At the end of this season, when the 1st XI had won 10 of its 11 matches, a new name was at the head of the batsmen; Clay Crittenden, with 19.8 from 258 runs. Reg McKenzies name was also new to the honours board, if not to the newspaper summaries, and this year he took 25 wickets at 9.8 each. Apart from Bo Green's first appearances this season, eventual bowler-captain Wally Rayment established himself as an opening bowler of note.
On other less successful fields, the 2nd XI were coping as best they could, winning 2 of their 9 game fixture. Bob Green took out the batting with 13.07 from 170 runs whilst Jim Russell made it twice in succession with the ball by again taking 19 wickets - this time at 5.9 apiece.
1942-43. By the beginning of the 42-43 season the Pacific War was well under way, and sport largely forgotten, with cricket in particular reverting to what it was in the beginning - something that was played when, without any planning 22 men found themselves together near a cleared field. Like most Clubs at this time Box Hill found membership dwindling, and was able to field only one team, and that only when Service, Defence or Schooling duties permitted. Under these circumstances it is no wonder that fortunes were varied: Box Hill, after a great 41-42 season, crashed to rock bottom, with her single team winning only 2 of the 11 games played that year.
The slump 1s best illustrated statistically. That season Box Hill batsmen went to the crease 225 times, and 56 times returned without scouring: one in four a duck; on only 47 occasions were double figures reaches and as a team they failed to pass 50 on 9 attempts.
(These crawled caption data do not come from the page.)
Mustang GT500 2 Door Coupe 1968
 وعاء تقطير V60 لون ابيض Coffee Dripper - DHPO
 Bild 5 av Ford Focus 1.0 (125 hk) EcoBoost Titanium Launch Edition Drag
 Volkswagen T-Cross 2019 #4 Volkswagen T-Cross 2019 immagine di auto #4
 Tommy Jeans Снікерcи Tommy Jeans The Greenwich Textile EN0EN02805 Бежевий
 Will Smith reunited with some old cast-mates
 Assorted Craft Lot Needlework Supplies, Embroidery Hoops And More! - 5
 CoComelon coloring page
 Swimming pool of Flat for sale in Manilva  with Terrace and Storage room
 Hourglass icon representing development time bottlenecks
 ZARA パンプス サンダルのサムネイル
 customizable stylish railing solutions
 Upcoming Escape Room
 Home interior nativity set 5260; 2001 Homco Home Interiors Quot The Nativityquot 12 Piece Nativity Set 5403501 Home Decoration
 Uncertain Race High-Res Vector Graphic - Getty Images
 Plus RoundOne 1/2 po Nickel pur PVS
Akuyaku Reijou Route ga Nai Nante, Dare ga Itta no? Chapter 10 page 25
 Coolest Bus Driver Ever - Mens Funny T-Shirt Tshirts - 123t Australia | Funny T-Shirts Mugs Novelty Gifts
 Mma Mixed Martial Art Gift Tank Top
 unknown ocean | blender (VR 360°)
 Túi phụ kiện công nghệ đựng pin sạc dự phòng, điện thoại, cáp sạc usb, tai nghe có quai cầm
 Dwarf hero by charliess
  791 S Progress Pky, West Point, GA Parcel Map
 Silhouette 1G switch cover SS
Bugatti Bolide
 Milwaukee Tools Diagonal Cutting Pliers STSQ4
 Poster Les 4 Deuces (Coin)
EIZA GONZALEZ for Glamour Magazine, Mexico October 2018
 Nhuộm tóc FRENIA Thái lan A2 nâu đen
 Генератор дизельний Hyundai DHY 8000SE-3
The lowest scores in the Club's history were made during this period: 10 when batting against Richmond City on January 23rd 1943. But what the score-books didn't show was the pleasure and enjoyment that these games afforded: win or lose matches - and perhaps today it would be as well to remember more often that Cricket was a game long before it became a competition.
At the end of the 42-43 season it was found that Reg McKenzie had become the first, but not the last, player to head both batting and bowling tables as well as to win the Club Championship - taking out the batting with 259 runs at the all-time winning low of 11.7, and the bowling at 6.8 for each of 21 wickets.